IN THE COURT OF APPEAL
ON APPEAL FROM THE HIGH COURT


CRIMINAL APPEAL NO. AAU 11 of 2011
(High Court Criminal HAC 41 of 2009)


BETWEEN:


VILITATI VASUCA
Appellant


AND:


THE STATE
Respondent


Coram : Calanchini AP


Counsel : Appellant in person.
Ms S Puamau with Mr T Qalinauci for
the Respondent.


Date of Hearing : 12 September 2012
Date of Decision : 26 October 2012


DECISION


[1]. The Appellant was charged with two counts of robbery with violence contrary to section 293 (1) (b) of the Penal Code Cap 17. The Appellant pleaded not guilty to both counts. Following a trial in the High Court the assessors unanimously found the Appellant guilty on the first count and a majority found him guilty on the second count. The learned trial judge agreed with the opinions of the assessors and in his judgment dated 25 January 2011 convicted the Appellant on both counts. On the same day the Appellant was sentenced to a term of imprisonment of 14 years with a non-parole term of 11 years.

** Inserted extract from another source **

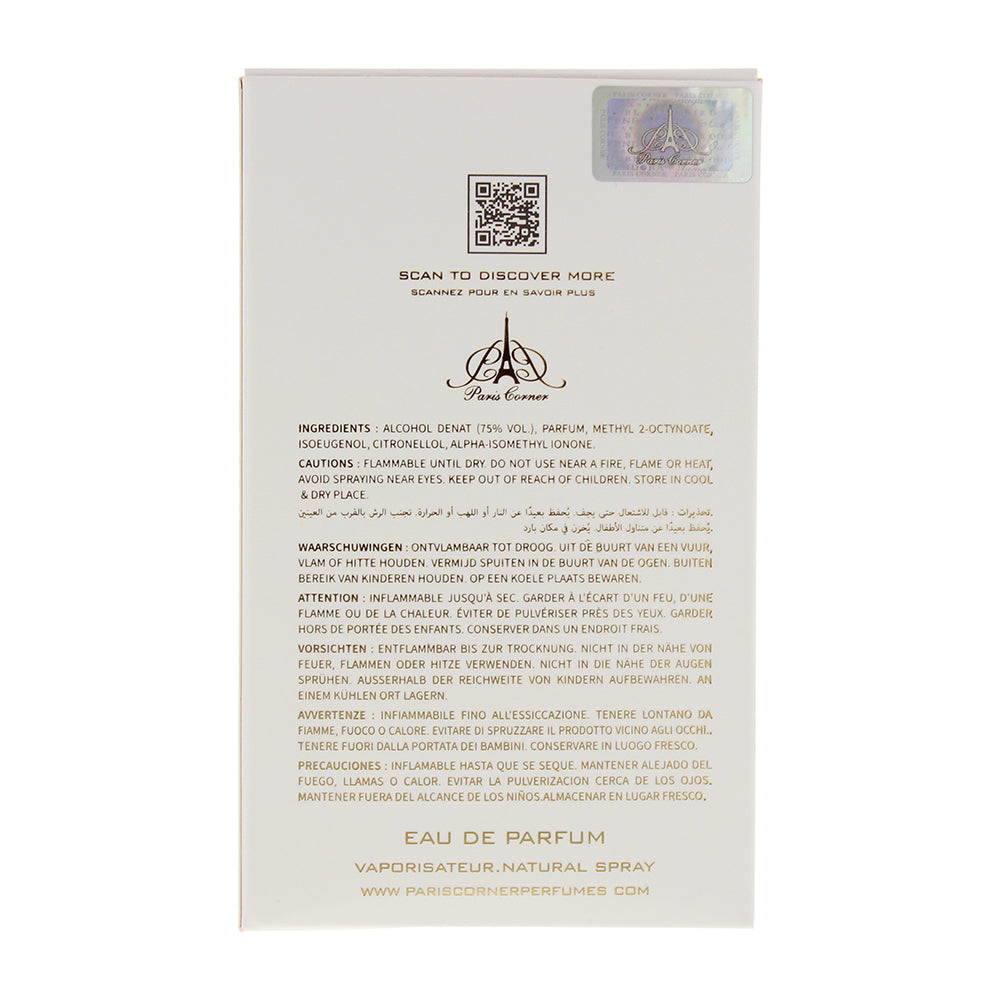 Paris Corner Taskeen Marina Eau de Parfum 100ml - Ingredients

[2]. In his sentencing decision the learned trial judge summarised the relevant facts. On 7 February 2009 at Saweni Lautoka, the Appellant with two others entered the domestic premises of the Kumar family where his two accomplices entered the bedroom of Mr and Mrs Kumar asking for gold and money. A small knife was brandished and Mr Kumar was held pinned to the bed while his legs were stomped on and a knife pointed against his stomach. One of the men was masked. A cane knife was produced and placed against Mr Kumar's stomach. The men grabbed gold, laptop, mobile and jewellery (property belonging to both Hemant Kumar and Pratima Kumar)-stuffing the loot in their clothing. The men then went into an elderly woman's room who was sick and starting beating her. This traumatic time in the house lasted for about 45 minutes before the group fled from the scene.

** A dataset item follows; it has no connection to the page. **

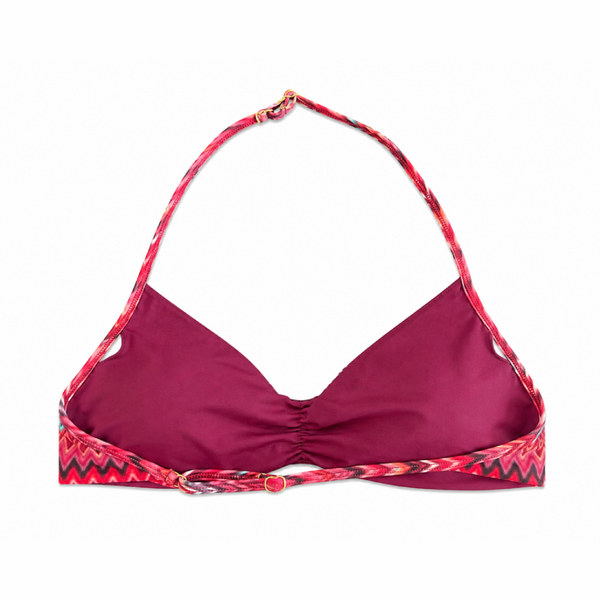Emilia Bikini Top - Bordeaux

[3]. It would appear that the Appellant was later arrested by Police for being drunk and disorderly. Acting on information, the Appellant was interviewed under caution by Police for the offences. During the interview the Appellant made confessions to being one of the party involved in the robbery at Saweni.


[4]. Notice of Application for leave to appeal against conviction and sentence was filed on 9 February 2011. The notice was filed within the time prescribed by section 26 (1) of the Court of Appeal Act Cap 12. On 23 February 2012 the Appellant filed an amended notice and grounds of appeal. On 21 August 2012 a Notice of leave to amend Grounds of Appeal was filed by the Appellant. It purports to amend the grounds of appeal against both conviction and sentence. However these amended grounds refer only to the appeal against conviction. Although the Appellant stated in this notice that he was seeking leave to withdraw his previously filed amended grounds, it will be assumed that he intends to rely on the amended grounds previously filed on 23 February 2012 in respect of sentence.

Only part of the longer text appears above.